Why dict.get (key) is slower than dict [key]

Question

Why dict.get (key) is slower than dict [key]

When starting the numerical integrator, I noticed a noticeable difference in speed depending on how I retrieve the field value in the dictionary

import numpy as np def bad_get(mydict): '''Extract the name field using get()''' output = mydict.get('name', None) return output def good_get(mydict): '''Extract the name field using if-else''' if 'name' in mydict: output = mydict['name'] else: output = None return output name_dict = dict() name_dict['name'] = np.zeros((5000,5000))

On my system, I notice the following difference (using iPython)

 %%timeit bad_get(name_dict) The slowest run took 7.75 times longer than the fastest.

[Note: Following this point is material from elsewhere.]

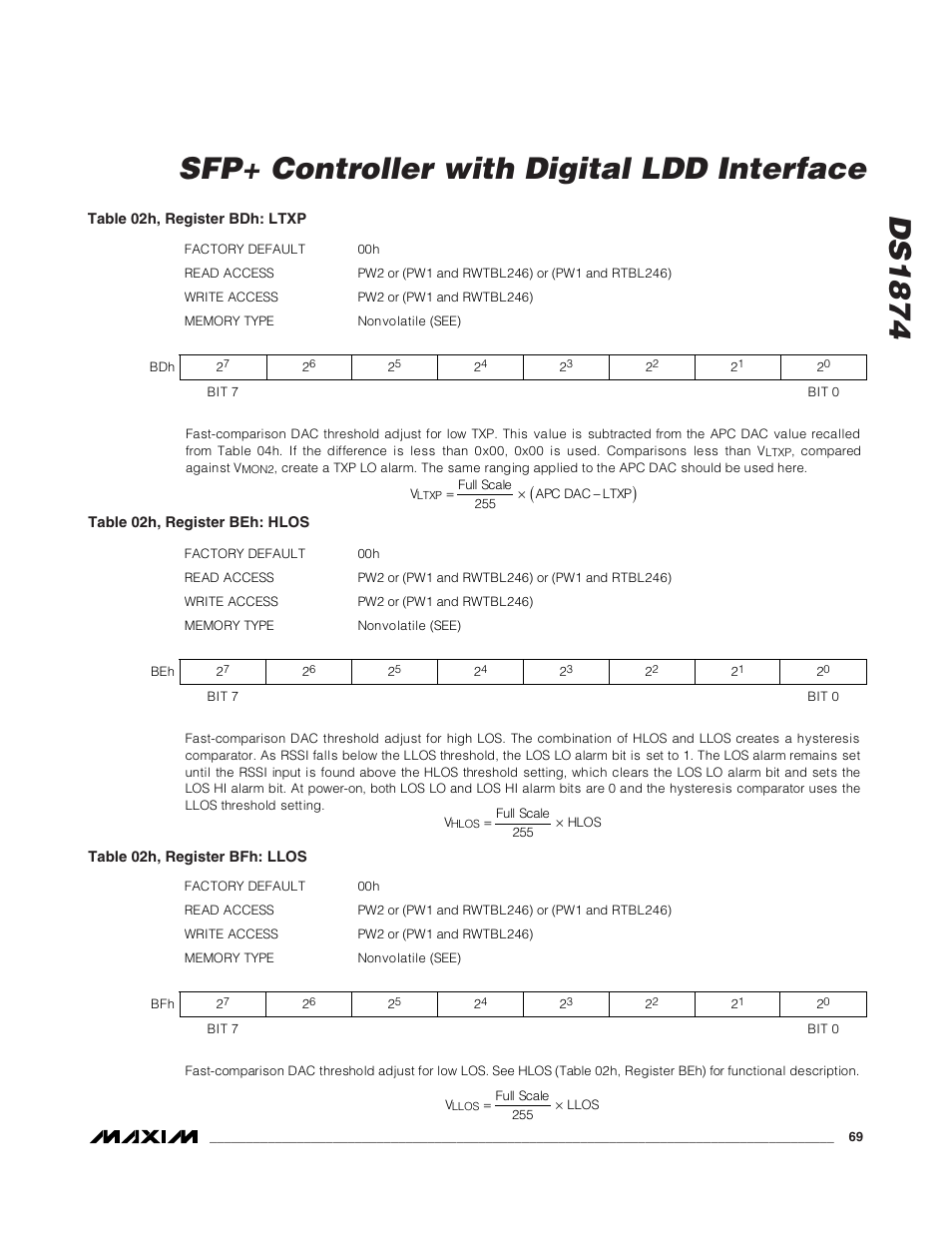 Ds1874 sfp+ controller with digital ldd interface | Rainbow Electronics DS1874 User Manual | Page 69 / 88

This could mean that an intermediate result is being cached. 1000000 loops, best of 3: 247 ns per loop

Compared with

 %%timeit good_get(name_dict) 1000000 loops, best of 3: 188 ns per loop

This may seem like a small difference, but for some arrays the difference seems even more dramatic. What causes this behavior, and somehow I have to change my use of the get() function?

+5

performance python dictionary

wil3 Apr 12 '16 at 7:24

source share

1 answer

Martijn pieters · Accepted Answer · 2016-04-12T07:29:13+0000

Python should do more work for dict.get() :

get is an attribute, so Python should look at this and then bind the handle found to the dictionary instance.
() is a call, so the current frame must be pushed onto the stack, the call must be made, then the frame must be taken out of the stack again to continue.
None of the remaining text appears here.